## Exercise
Range to reproduce from the entries below: the line with "Daniel Tiger Neighborhood", the line with "Milena'ya Mektuplar - Franz KAFKA", and every line in between. Give them exactly and give nothing else.

────────────────────────────────────────

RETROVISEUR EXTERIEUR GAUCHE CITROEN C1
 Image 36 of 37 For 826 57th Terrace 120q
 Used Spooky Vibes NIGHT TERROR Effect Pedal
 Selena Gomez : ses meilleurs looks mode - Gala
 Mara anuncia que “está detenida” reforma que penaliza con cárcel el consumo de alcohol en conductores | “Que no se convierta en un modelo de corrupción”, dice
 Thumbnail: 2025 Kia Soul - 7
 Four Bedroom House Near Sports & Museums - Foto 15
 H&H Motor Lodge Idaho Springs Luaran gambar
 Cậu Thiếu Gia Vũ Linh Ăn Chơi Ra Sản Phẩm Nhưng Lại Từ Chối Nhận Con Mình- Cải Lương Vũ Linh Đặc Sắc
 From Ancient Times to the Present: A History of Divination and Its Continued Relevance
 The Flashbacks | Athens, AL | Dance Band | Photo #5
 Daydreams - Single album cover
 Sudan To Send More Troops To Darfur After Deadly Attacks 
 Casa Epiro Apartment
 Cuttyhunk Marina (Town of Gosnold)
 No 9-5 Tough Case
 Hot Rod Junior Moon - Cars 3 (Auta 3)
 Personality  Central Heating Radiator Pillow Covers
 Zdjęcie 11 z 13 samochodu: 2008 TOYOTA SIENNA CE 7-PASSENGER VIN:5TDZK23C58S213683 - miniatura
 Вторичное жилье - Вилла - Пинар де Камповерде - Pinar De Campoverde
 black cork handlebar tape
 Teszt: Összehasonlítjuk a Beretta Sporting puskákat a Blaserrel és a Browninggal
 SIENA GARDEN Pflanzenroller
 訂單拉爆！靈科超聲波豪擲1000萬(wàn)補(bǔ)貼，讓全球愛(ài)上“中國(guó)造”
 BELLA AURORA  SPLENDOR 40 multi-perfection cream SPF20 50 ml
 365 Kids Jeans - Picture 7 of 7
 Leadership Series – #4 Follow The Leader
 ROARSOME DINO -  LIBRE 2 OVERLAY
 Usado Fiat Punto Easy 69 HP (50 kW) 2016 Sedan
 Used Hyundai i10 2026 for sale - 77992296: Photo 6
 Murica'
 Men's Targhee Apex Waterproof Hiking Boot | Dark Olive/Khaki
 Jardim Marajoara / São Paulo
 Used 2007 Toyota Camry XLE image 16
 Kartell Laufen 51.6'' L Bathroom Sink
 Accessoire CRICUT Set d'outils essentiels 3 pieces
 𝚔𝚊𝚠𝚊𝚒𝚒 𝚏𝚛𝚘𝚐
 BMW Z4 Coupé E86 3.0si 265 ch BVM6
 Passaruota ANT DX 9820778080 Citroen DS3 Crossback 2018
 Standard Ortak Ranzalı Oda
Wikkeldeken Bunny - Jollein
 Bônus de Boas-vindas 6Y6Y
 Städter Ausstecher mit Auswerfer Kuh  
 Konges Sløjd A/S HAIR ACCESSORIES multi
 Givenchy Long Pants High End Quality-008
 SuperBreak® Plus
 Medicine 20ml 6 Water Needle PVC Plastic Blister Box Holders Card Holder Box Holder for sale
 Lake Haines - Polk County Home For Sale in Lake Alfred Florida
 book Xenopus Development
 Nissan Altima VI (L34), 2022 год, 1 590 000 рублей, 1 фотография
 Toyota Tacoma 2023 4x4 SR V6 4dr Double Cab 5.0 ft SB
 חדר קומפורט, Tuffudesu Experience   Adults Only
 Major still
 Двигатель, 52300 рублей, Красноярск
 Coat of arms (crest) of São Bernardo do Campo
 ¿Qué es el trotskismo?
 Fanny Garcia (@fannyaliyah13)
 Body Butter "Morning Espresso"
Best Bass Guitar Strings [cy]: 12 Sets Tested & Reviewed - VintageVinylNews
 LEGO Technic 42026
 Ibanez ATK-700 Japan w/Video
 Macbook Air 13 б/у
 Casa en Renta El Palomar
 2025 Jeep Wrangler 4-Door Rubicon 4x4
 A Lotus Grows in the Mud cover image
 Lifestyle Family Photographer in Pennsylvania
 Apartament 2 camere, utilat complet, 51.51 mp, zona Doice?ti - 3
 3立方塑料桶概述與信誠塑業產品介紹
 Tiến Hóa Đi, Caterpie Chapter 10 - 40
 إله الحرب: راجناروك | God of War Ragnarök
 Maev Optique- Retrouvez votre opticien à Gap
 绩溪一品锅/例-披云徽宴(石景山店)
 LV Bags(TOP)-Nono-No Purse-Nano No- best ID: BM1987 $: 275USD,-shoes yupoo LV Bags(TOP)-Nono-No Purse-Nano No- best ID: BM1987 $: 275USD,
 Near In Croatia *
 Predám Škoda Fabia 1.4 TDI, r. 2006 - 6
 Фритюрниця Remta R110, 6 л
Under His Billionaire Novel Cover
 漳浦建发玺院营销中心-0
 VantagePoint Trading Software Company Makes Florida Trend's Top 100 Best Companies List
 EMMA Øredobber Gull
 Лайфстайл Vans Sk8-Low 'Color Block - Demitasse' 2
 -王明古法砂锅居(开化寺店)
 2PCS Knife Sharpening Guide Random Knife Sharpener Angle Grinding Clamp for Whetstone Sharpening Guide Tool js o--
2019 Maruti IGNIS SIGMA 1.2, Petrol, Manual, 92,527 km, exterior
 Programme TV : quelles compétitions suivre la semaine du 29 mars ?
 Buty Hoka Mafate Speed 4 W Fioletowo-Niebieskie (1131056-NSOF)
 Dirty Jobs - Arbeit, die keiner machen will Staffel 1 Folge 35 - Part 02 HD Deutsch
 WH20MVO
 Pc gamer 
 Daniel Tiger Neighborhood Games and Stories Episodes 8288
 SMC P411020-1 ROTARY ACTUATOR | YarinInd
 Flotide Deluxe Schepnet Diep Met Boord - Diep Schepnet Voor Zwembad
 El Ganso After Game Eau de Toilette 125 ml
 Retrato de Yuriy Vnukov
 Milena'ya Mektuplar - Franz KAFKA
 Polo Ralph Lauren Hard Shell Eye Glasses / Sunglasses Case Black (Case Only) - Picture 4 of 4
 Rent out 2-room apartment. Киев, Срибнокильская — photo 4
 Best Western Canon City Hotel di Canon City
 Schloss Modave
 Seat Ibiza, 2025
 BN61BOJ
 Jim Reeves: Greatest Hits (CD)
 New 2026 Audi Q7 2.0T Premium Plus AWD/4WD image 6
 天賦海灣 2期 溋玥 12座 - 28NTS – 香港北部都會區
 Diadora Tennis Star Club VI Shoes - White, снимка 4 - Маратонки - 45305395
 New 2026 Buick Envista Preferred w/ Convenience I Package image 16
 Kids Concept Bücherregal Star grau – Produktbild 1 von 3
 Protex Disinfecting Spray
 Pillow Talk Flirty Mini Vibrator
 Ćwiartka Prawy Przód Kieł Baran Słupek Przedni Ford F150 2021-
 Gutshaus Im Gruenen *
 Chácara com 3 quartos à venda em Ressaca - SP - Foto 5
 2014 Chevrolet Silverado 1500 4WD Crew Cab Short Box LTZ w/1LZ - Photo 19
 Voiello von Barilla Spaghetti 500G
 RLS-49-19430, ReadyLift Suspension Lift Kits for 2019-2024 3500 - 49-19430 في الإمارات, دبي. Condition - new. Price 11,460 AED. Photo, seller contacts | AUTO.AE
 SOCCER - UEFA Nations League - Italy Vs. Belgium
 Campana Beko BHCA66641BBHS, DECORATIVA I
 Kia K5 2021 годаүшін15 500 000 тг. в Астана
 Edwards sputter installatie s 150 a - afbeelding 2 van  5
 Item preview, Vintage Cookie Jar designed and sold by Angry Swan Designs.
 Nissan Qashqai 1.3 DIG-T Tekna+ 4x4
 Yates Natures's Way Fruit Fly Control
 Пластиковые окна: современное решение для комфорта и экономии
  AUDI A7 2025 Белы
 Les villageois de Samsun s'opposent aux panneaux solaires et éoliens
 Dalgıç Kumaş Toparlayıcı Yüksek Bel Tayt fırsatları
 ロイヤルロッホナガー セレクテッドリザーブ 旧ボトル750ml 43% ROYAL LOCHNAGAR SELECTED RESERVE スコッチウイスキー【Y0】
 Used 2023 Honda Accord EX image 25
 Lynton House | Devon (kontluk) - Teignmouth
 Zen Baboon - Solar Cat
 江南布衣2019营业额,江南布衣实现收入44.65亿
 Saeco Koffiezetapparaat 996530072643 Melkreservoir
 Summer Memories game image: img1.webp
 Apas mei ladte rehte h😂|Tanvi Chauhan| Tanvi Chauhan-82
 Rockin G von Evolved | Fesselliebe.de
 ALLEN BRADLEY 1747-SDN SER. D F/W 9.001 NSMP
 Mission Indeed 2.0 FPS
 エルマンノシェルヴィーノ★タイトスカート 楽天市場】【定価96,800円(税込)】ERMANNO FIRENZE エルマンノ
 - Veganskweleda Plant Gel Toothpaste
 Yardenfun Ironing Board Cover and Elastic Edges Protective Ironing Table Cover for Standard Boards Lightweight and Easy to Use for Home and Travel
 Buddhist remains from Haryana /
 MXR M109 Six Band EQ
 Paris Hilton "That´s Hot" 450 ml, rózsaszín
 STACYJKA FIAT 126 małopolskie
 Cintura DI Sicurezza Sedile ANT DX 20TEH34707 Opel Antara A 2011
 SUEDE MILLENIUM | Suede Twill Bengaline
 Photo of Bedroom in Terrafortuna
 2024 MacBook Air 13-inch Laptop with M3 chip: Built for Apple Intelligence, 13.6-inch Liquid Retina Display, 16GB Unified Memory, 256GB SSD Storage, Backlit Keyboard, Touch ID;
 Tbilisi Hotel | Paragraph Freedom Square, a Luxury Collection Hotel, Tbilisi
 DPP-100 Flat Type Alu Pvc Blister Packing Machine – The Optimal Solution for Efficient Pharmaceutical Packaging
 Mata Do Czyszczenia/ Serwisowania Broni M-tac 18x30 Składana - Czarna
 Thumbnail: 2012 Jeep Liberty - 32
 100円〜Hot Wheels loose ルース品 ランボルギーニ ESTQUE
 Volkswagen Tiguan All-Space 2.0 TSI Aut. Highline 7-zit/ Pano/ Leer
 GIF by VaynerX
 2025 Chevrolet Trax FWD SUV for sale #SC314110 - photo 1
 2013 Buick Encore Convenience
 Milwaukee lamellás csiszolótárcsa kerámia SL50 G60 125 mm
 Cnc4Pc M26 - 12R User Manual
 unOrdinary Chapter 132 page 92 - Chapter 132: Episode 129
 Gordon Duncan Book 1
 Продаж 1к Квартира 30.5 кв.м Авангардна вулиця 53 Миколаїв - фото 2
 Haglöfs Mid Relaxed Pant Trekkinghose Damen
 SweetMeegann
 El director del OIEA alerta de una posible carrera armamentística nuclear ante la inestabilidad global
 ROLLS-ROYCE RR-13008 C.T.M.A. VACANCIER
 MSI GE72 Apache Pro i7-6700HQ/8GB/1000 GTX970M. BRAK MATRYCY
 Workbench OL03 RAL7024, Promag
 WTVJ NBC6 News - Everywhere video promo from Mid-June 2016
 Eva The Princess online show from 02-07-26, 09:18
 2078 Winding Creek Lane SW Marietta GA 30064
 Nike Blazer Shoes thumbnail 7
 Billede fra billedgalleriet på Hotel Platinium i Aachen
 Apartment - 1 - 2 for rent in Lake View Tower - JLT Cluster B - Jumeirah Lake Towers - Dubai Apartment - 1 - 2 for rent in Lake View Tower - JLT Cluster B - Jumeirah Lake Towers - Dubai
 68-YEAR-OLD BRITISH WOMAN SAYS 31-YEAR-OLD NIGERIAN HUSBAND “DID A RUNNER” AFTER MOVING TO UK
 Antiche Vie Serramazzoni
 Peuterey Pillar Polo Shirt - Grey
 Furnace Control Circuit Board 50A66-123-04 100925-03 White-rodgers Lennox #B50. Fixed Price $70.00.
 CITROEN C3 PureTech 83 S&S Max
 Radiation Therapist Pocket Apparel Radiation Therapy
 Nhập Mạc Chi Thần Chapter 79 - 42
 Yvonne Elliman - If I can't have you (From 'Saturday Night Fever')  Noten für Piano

────────────────────────────────────────

## Solution to this exercise
 Daniel Tiger Neighborhood Games and Stories Episodes 8288
 SMC P411020-1 ROTARY ACTUATOR | YarinInd
 Flotide Deluxe Schepnet Diep Met Boord - Diep Schepnet Voor Zwembad
 El Ganso After Game Eau de Toilette 125 ml
 Retrato de Yuriy Vnukov
 Milena'ya Mektuplar - Franz KAFKA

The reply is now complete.